● What you have to do: An exact transcription of all the records, free of pictures, is the expected answer.

** Data to examine follows **

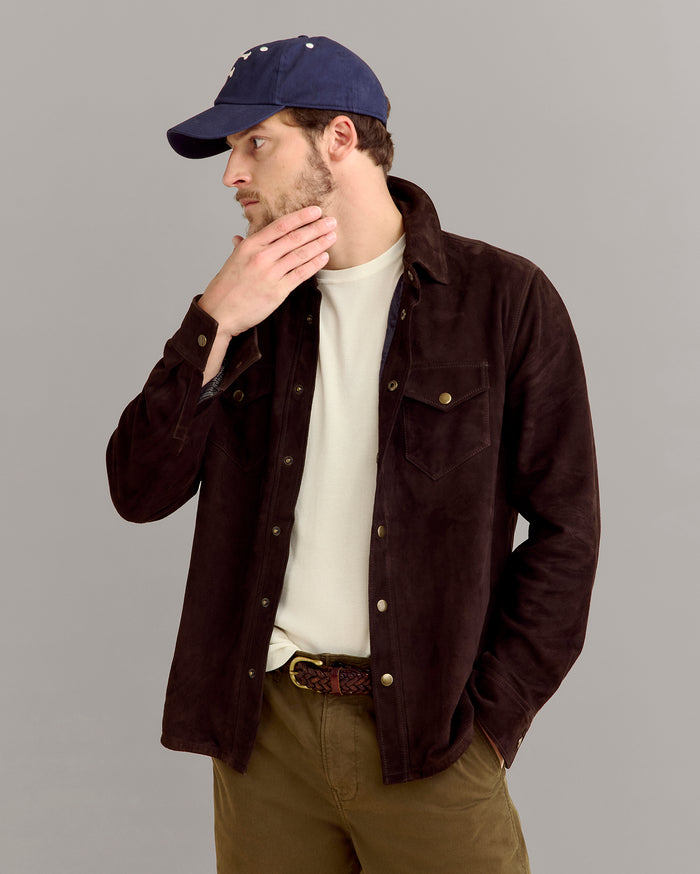 Billy Reid Savoy Suede Workshirt, Brown Billy Reid Savoy Suede Workshirt, Brown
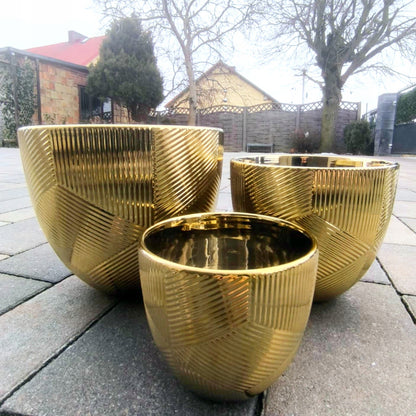 Doniczka złota Osłonka 18 cm ceramika glamour ryflowana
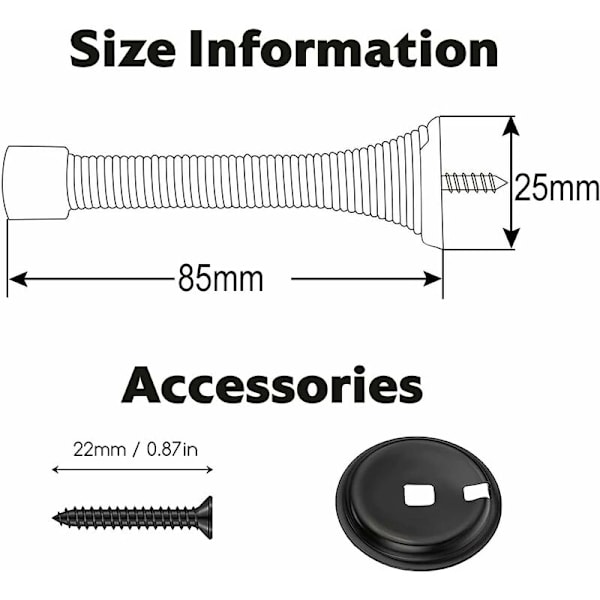 6 kappaleen setti 85 mm metallisia ovenpysäyttimiä jousella, ruuveilla ja pohjalevyllä (musta)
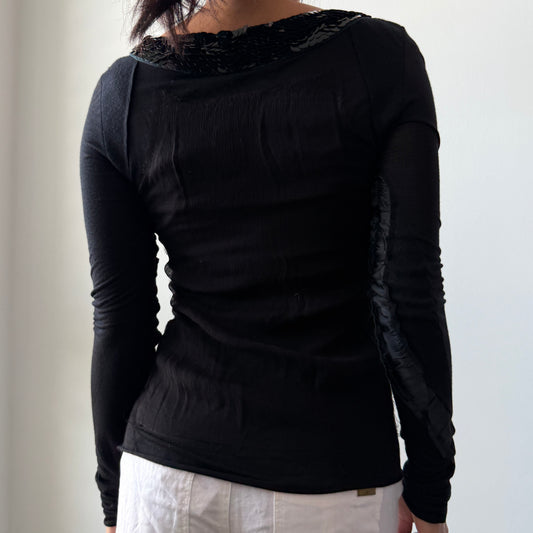 Vanessa Bruno Black Sequin Long Sleeve Top - X-Small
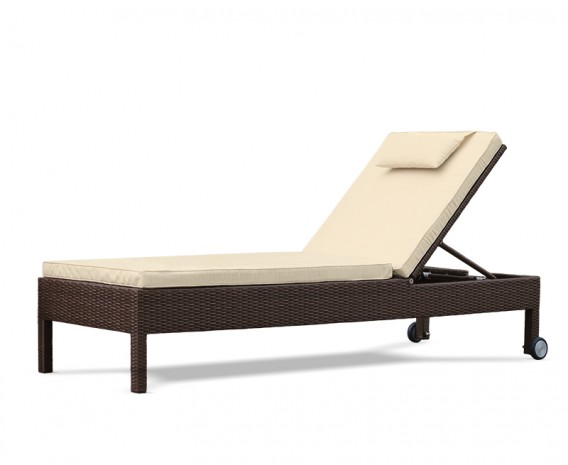 Rio Rattan Reclining Garden Sun Lounger with Wheels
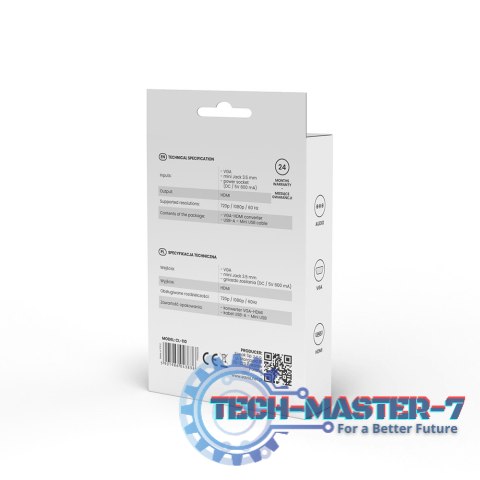 Konwerter/Adapter VGA - HDMI Full HD/1080p 60Hz, CL-110 Konwerter/Adapter VGA - HDMI Full HD/1080p 60Hz, CL-110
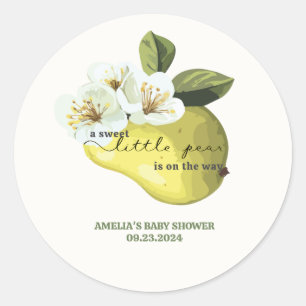 Sticker Rond Little Pear est sur le chemin du baby shower à thè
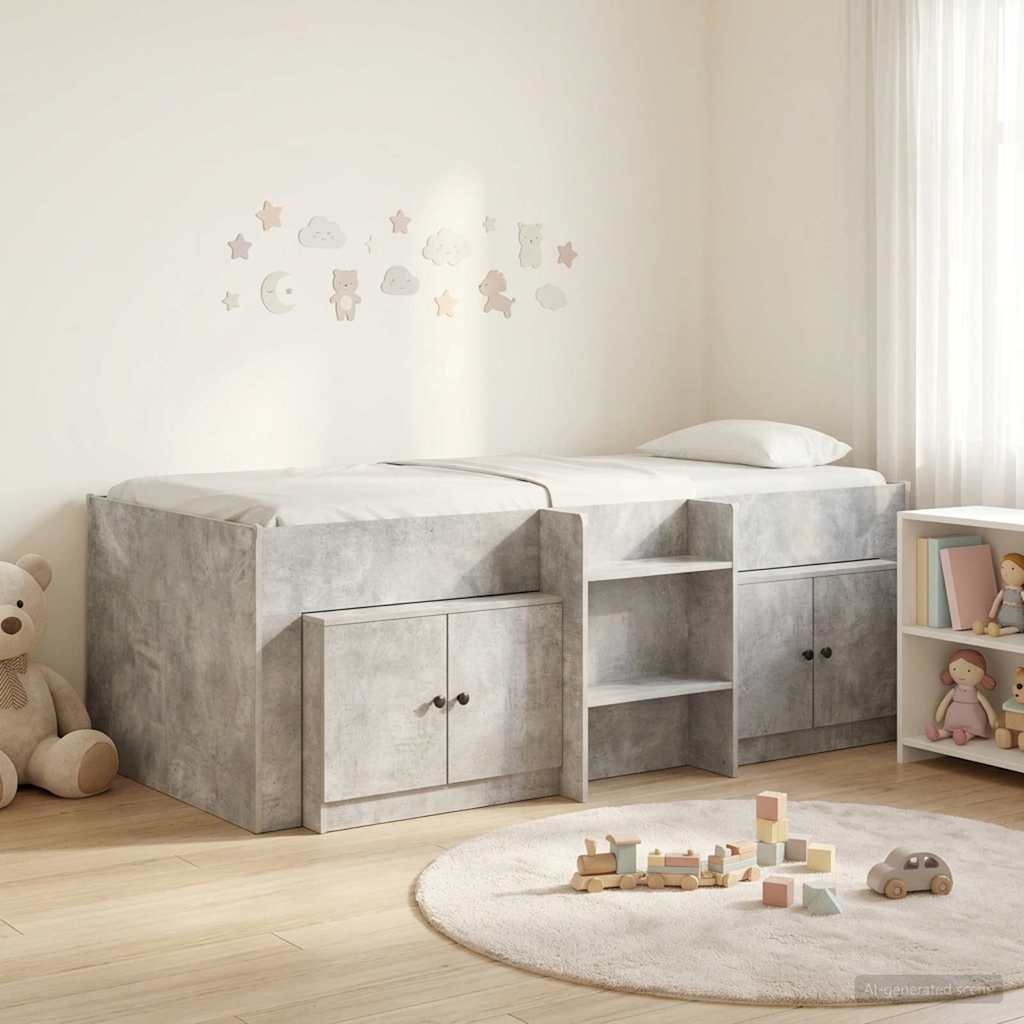 Loft Bed Frame with Cabinet 3 pcs Concrete Grey Engineered Wood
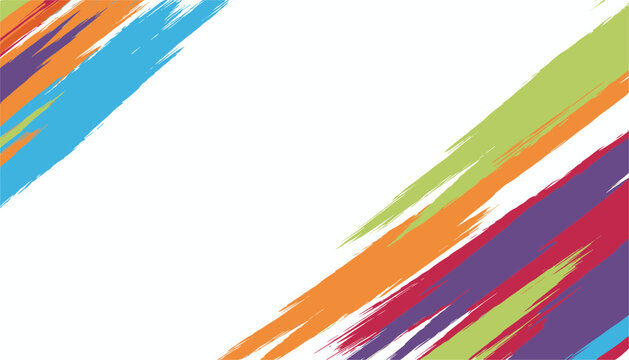 Artistic white background with colorful paint brush strokes in diagonal corners leaving space for custom text.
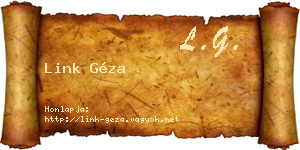 Link Géza névjegykártya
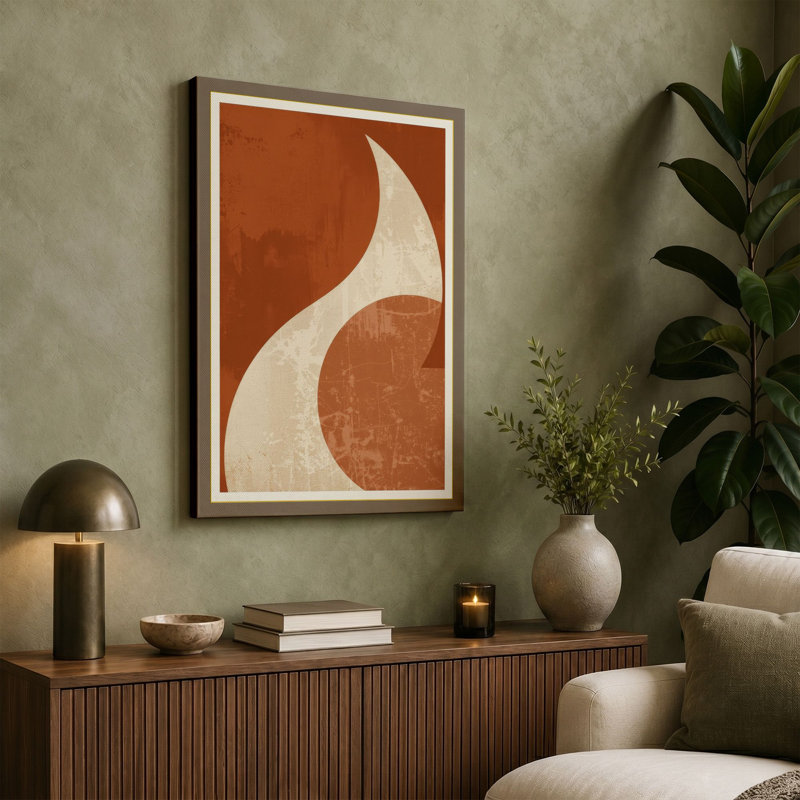 Curved Forms in Rust Minimalist - Wrapped Canvas, 18x12 - 45.7 x 30.5 cm, Ochre Border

** End of Data to examine **

● Answer to the problem:
 Billy Reid Savoy Suede Workshirt, Brown Billy Reid Savoy Suede Workshirt, Brown
 Doniczka złota Osłonka 18 cm ceramika glamour ryflowana
 6 kappaleen setti 85 mm metallisia ovenpysäyttimiä jousella, ruuveilla ja pohjalevyllä (musta)
 Vanessa Bruno Black Sequin Long Sleeve Top - X-Small
 Rio Rattan Reclining Garden Sun Lounger with Wheels
 Konwerter/Adapter VGA - HDMI Full HD/1080p 60Hz, CL-110 Konwerter/Adapter VGA - HDMI Full HD/1080p 60Hz, CL-110
 Sticker Rond Little Pear est sur le chemin du baby shower à thè
 Loft Bed Frame with Cabinet 3 pcs Concrete Grey Engineered Wood
 Artistic white background with colorful paint brush strokes in diagonal corners leaving space for custom text.
 Link Géza névjegykártya
 Curved Forms in Rust Minimalist - Wrapped Canvas, 18x12 - 45.7 x 30.5 cm, Ochre Border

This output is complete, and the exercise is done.